# Ricky Nixon's AFL Scandal



## youngone (22 February 2011)

http://www.heraldsun.com.au/sport/a...om-players-group/story-e6frf9jf-1226009703376

_EXPLOSIVE video and audio recorded by the "St Kilda Schoolgirl" reveal what she claims is AFL player manager Ricky Nixon engaging in conduct that could ruin his career.

The Herald Sun can reveal details of recordings which the 17-year-old claims will prove she and Nixon, 47, were in a cocaine-fuelled sexual relationship.

In a video, the girl says to the camera "This is proving that Ricky Nixon is here, just have a look at this", while a shower can be heard running in the background.

Rifling through the pockets of a pair of jeans on the floor, the girl produces a Blackberry mobile phone displaying Ricky Nixon's image and name._

Whats your thoughts on the latest AFL scandal?


----------



## Wysiwyg (22 February 2011)

Why do you believe it is a scandal?


----------



## youngone (22 February 2011)

Wysiwyg said:


> Why do you believe it is a scandal?




Because i dont want to believe that this 17 years old girl, can actually, pulled off a M15 mission impossible.


----------



## GumbyLearner (22 February 2011)

You might want to change your avatar Youngone.

At least get a photo shoot in the dark before Ricky & Co and/or underage chick put their hooks into you. The Federal & Victorian Governments are watching and are fully aware of the United Nations Human Rights of Childrens Charter Rights. They care.


----------



## joea (22 February 2011)

youngone said:


> Because i dont want to believe that this 17 years old girl, can actually, pulled off a M15 mission impossible.




This young girl has a plan.
It is to extort money from football players and management.
She is living in a hotel room paid by the club.
As far as I can see, the only thing Nixon has done wrong( if we can believe him) is
to go to the room and supply liquor to a minor.

This is a very strange "going on", as the young girl continues to be a news item.
I am undecided if she needs help, or is mature beyond her age.

But I believe it will not go away without a payout.
Cheers


----------



## sammy84 (22 February 2011)

joea said:


> This young girl has a plan.
> It is to extort money from football players and management.
> She is living in a hotel room paid by the club.
> As far as I can see, the only thing Nixon has done wrong( if we can believe him) is
> to go to the room and supply liquor to a minor.




The video shows him in his underwear on her bed. He's an idiot.


----------



## youngone (22 February 2011)

joea said:


> This young girl has a plan.
> It is to extort money from football players and management.
> She is living in a hotel room paid by the club.
> As far as I can see, the only thing Nixon has done wrong( if we can believe him) is
> ...




UPDATE- Ricky Nixon's has apparently left the country -Sunrise

As much as i like to believe his side of the story, his face says it all during the weekends interview. The facts are starting to weigh-in.
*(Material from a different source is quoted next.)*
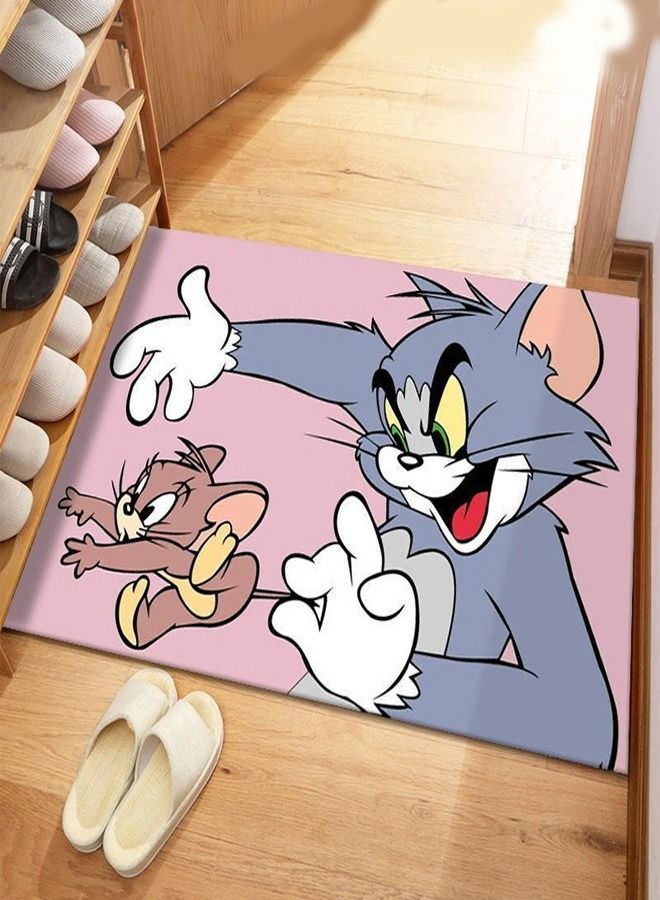 Classic Cartoon Tom and Jerry Theme Baby Play Mat Kids Room Carpet Super Absorbent Decoration Rug for Bedroom Easy to Clean Playing Area Mat 100 x 200 Centimeter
We all know what type of girl she is, no doubt, but what type of a man is Rick Nixon? 
AFL will never be the same.


----------



## awg (22 February 2011)

it isnt usually illegal to have sex with a 17 year old girl.

it is illegal to give her alcohol...lol

Mr Nixon would be in a world of hurt right now because Mrs Nixon would be ballistic

I dont think legally his livelyhood should be taken away on the back of this.

Now I will re-iterate what I said before, and stand by.

grab your DSMIV, go to the section on personality disorder.

estimates vary but approx 3-5% of people suffer from various aspects of this affliction

 *in females, common manifestations are promiscuous, manipulative, criminal behaviour and attention seeking.

As we all were 17 at one time, I am sure we can all recall young ladies who engaged in this behaviour, and had a four-letter description that starts with s...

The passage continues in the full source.